THIS VOLUME OF Polin: Studies in Polish Jewry explores the parallels, connections, and differences between Polish and Hungarian Jewry. These two Jewish populations, the largest in Europe and arguably the most culturally vibrant at the beginning of the twentieth century, have rarely been studied comparatively. Historians of Hungarian Jewry, in particular, have tended to downplay these similarities, preferring instead to emphasize the central European character of Hungary and Hungarian Jewry.
The volume is divided into six sections. The first compares the processes of Jewish acculturation and integration, analysing the magnate–Jewish symbiosis and the complexity of integration in multi-ethnic environments in the two countries. The second analyses the similarities and differences in Jewish religious life, discussing the impact of Polish hasidism in Hungary and the nature of ‘progressive’ and Neolog Judaism. Jewish popular culture is the theme of the third section, with accounts of the Jewish involvement in Polish and Hungarian cabaret and film. The fourth section examines the deterioration of the situation in both countries in the interwar years, while the fifth section compares the implementation of the Holocaust and the way it is remembered. The Hungarian focus concludes with a long interview with the doyen of historians of Hungary, Istvan Deak. We also include in this volume in the ‘New Views’ section an article on ‘Polish National Antisemitism’.

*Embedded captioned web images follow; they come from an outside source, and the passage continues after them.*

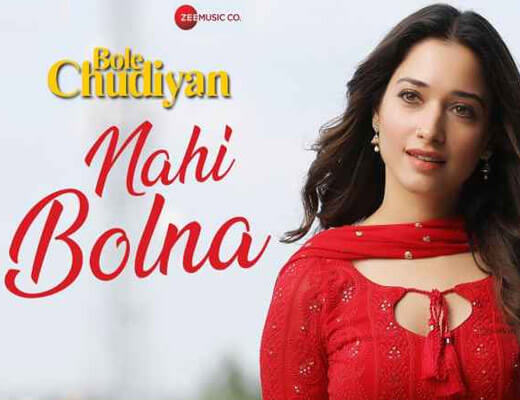 Nahi Bolna Hindi Lyrics - Bole Chudiyan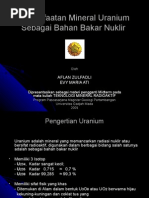 Download Pemanfaatan Uranium Sebagai Bahan Bakar Nuklir by aflan zulfadli SN20350093 doc pdf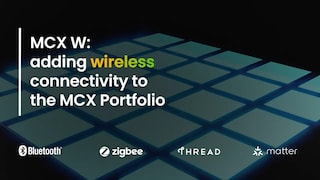 ワイヤレス・コネクティビティ用MCX WシリーズMCU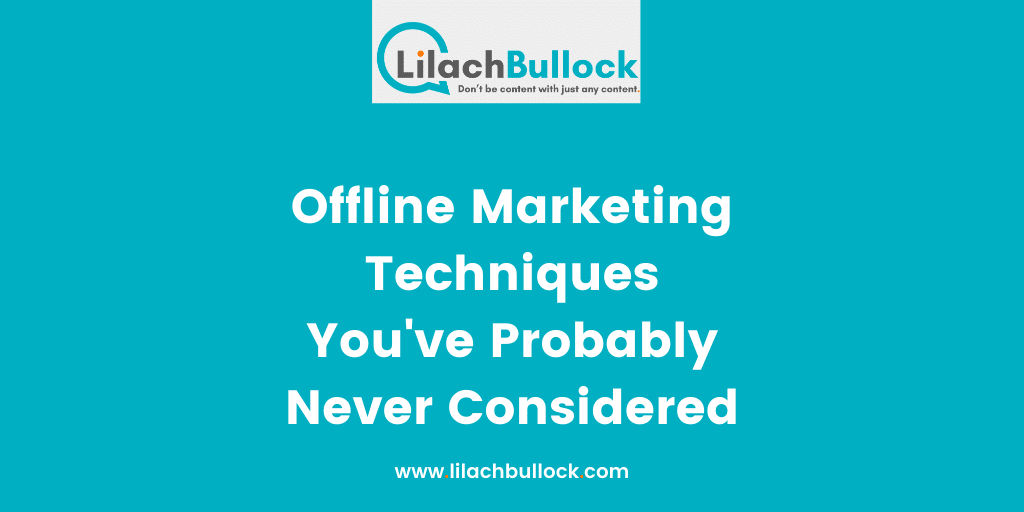 Offline Marketing Techniques You've Probably Never Considered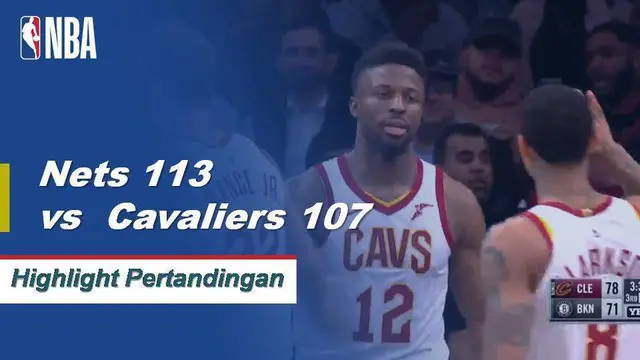 Cuplikan Pertandingan NBA : Nets 113 vs Cavaliers 107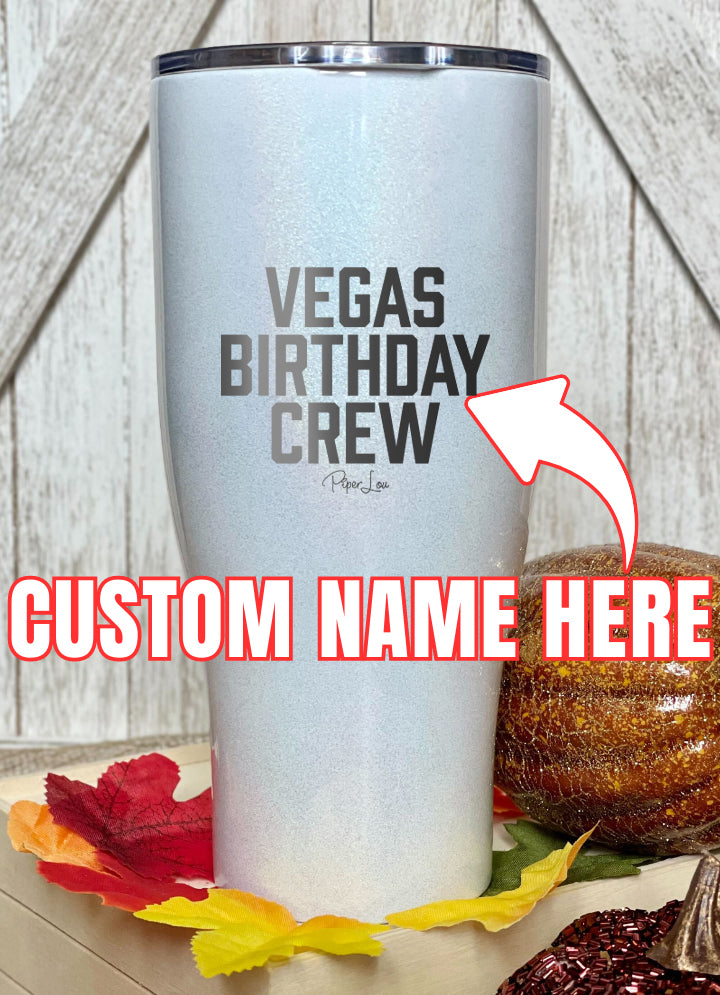 Trip Birthday Crew (CUSTOM) Laser Etched Tumbler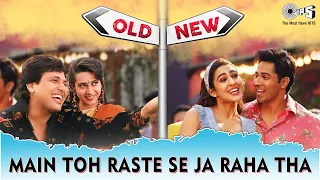 Main Toh Raste Se Jaa Raha Tha -  New X Old | Kumar Sanu | Alka Yagnik | Coolie No.1 | 90's Hits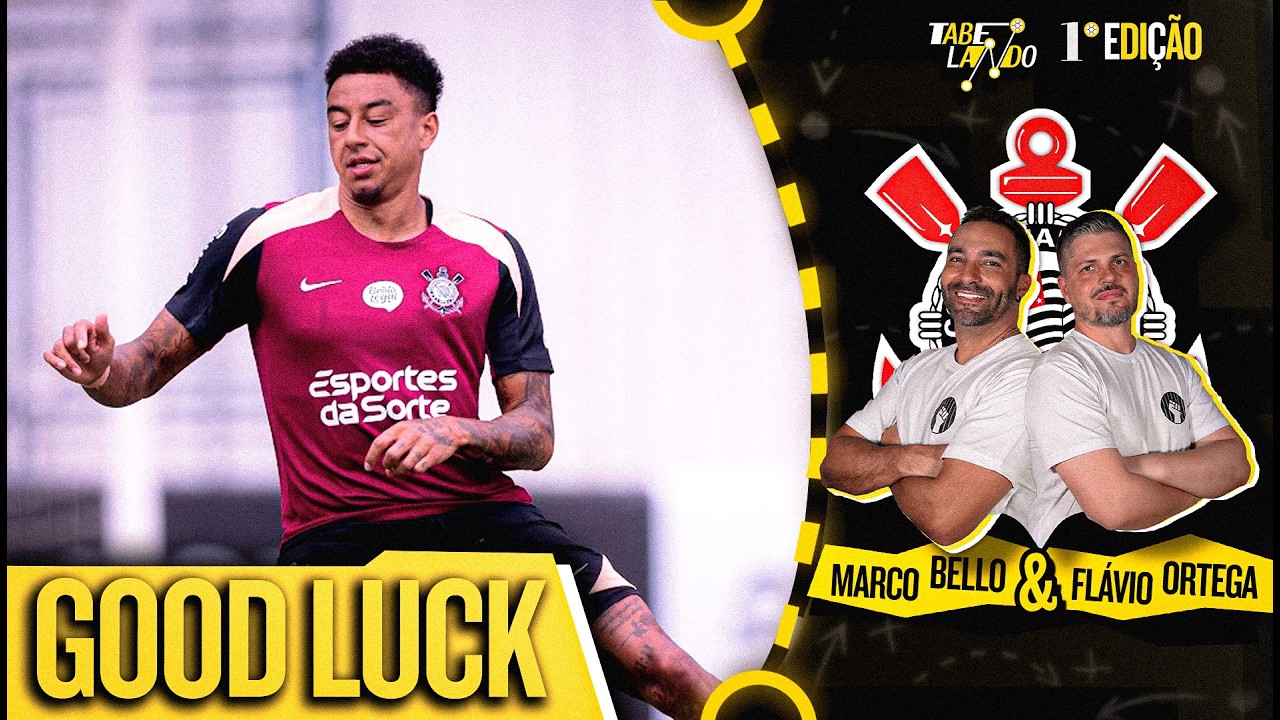 FINALMENTE CORINTHIANS EM CAMPO ESTA NOITE | JESSE LINGARD DEVE ESTREAR!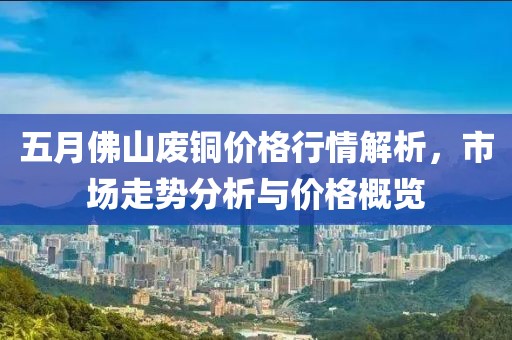 五月佛山废铜价格行情解析，市场走势分析与价格概览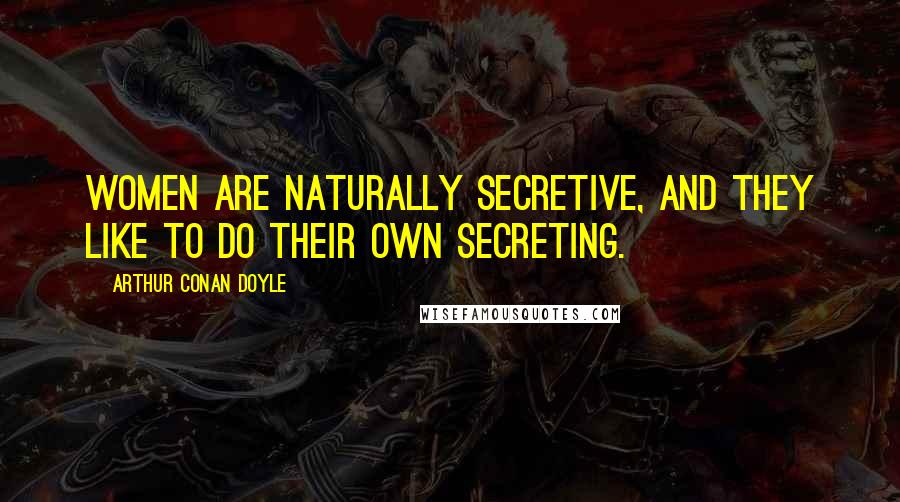Arthur Conan Doyle Quotes: Women are naturally secretive, and they like to do their own secreting.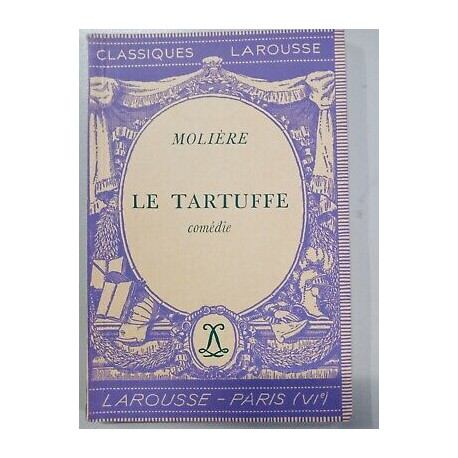 Molière - Le Tartuffe Classiques Larousse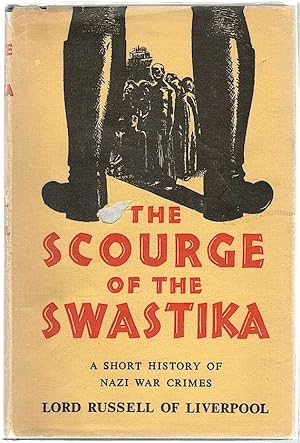 Scourge of the Swastika; A Short History of Nazi Crimes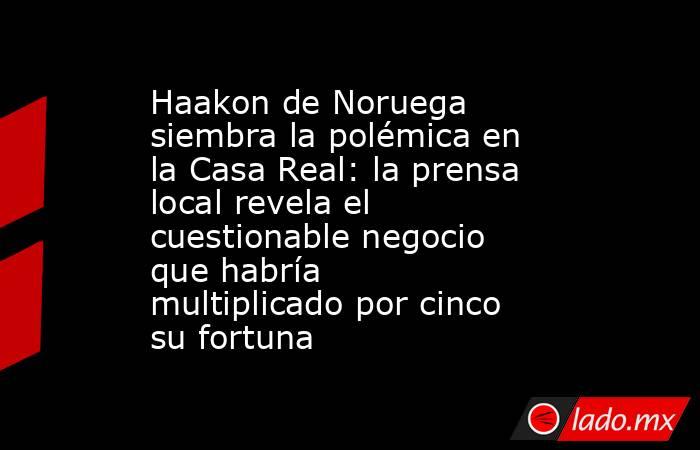 Haakon de Noruega siembra la polémica en la Casa Real: la prensa local revela el cuestionable negocio que habría multiplicado por cinco su fortuna. Noticias en tiempo real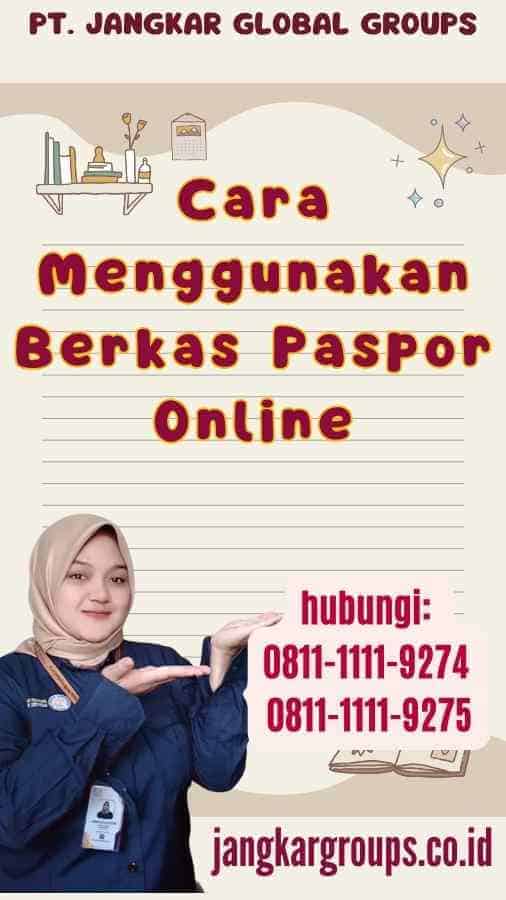 Cara Menggunakan Berkas Paspor Online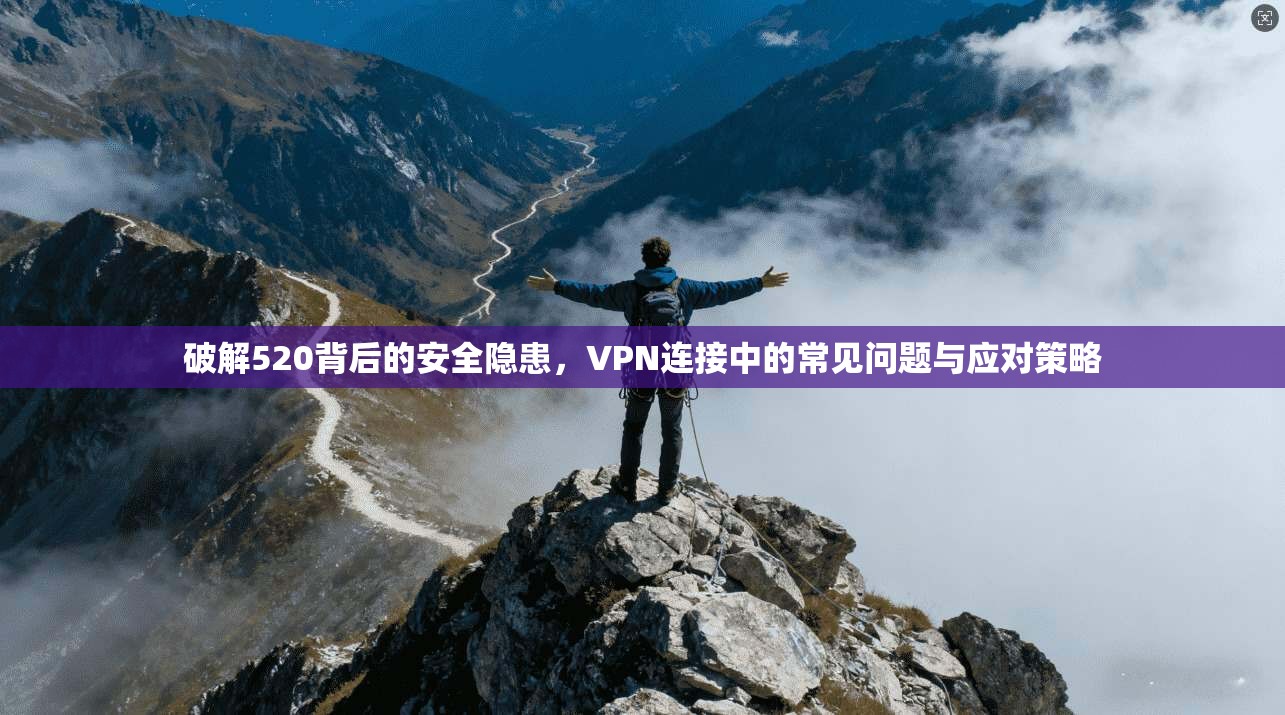 破解520背后的安全隐患,VPN连接中的常见问题与应对策略 破解520背后的安全隐患,VPN连接中的常见问题与应对策略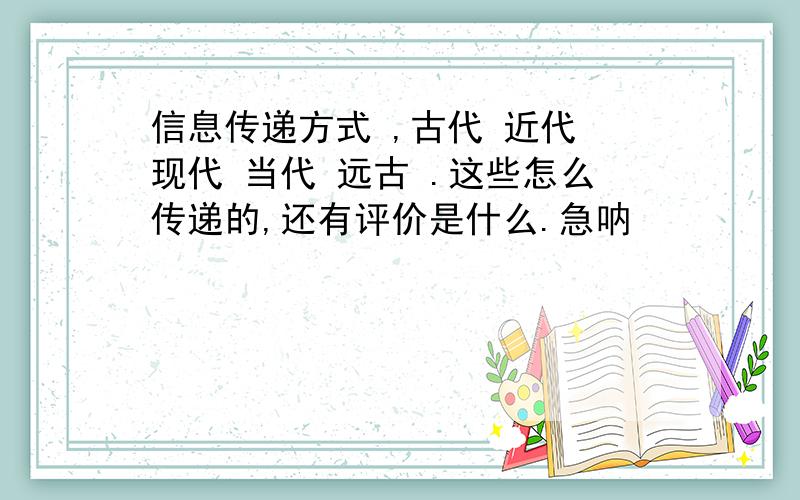 信息传递方式 ,古代 近代 现代 当代 远古 .这些怎么传递的,还有评价是什么.急呐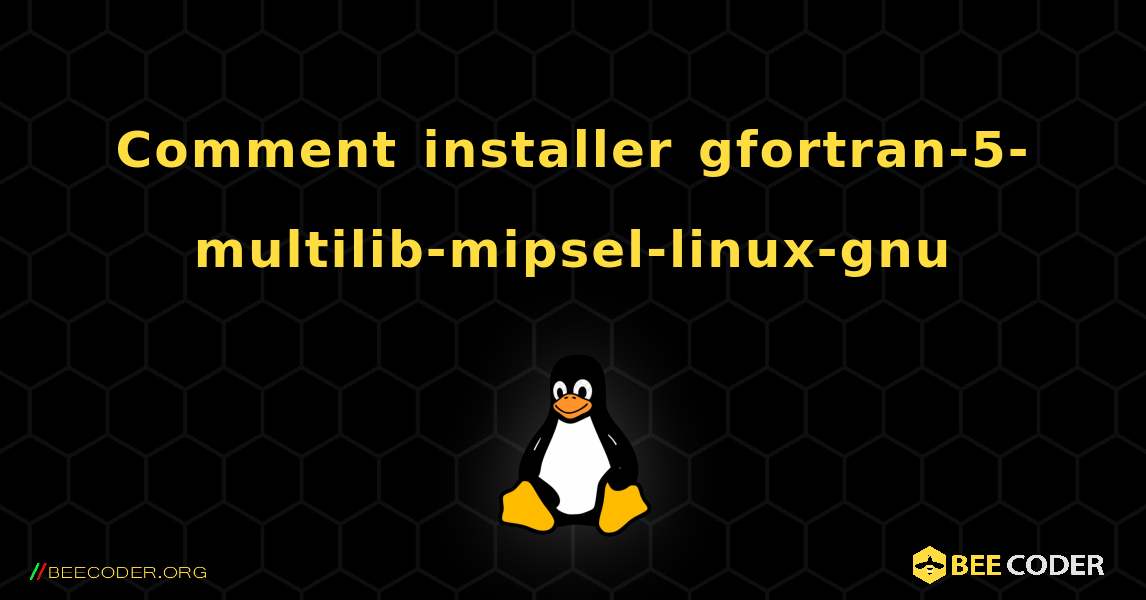 Comment installer gfortran-5-multilib-mipsel-linux-gnu . Linux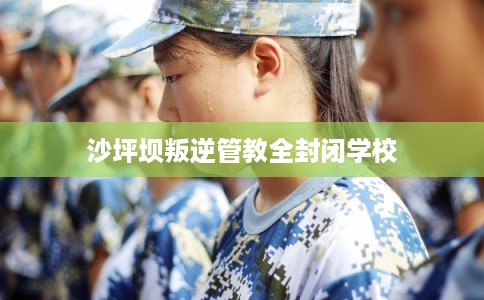 沙坪坝叛逆管教全封闭学校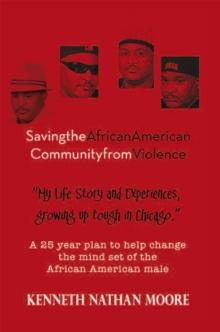 Saving the African American Community from Violence : Growing up Tough in Chicago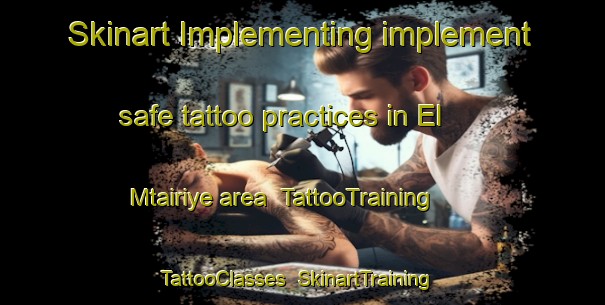 Skinart Implementing implement safe tattoo practices in El Mtairiye area | TattooTraining | TattooClasses | SkinartTraining-Lebanon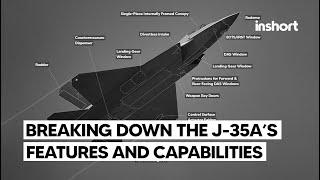 Breaking Down the J-35A’s Stealth Features &  Combat Capabilities | InShort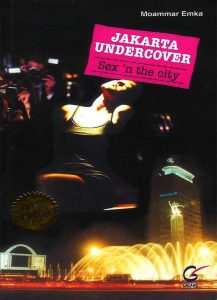 Jakarta Undercover Sex In The City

Polin is sponsored by the Institute of Polish–Jewish Studies, which is an associated institute of the Oxford Centre for Hebrew and Jewish Studies, and by the American Association for Polish--Jewish Studies, which is linked with the Department of Near Eastern and Judaic Studies, Brandeis University. As with earlier issues, this volume could not have appeared without the untiring assistance of many individuals. In particular, we should like to express our gratitude to Professor Ron Liebowitz, president of Brandeis University, to Mrs Irene Pipes, president of the American Association for Polish–Jewish Studies, and to Andrzej Szkuta, treasurer of the Institute for Polish–Jewish Studies. These three institutions all made substantial contributions to the cost of producing the volume.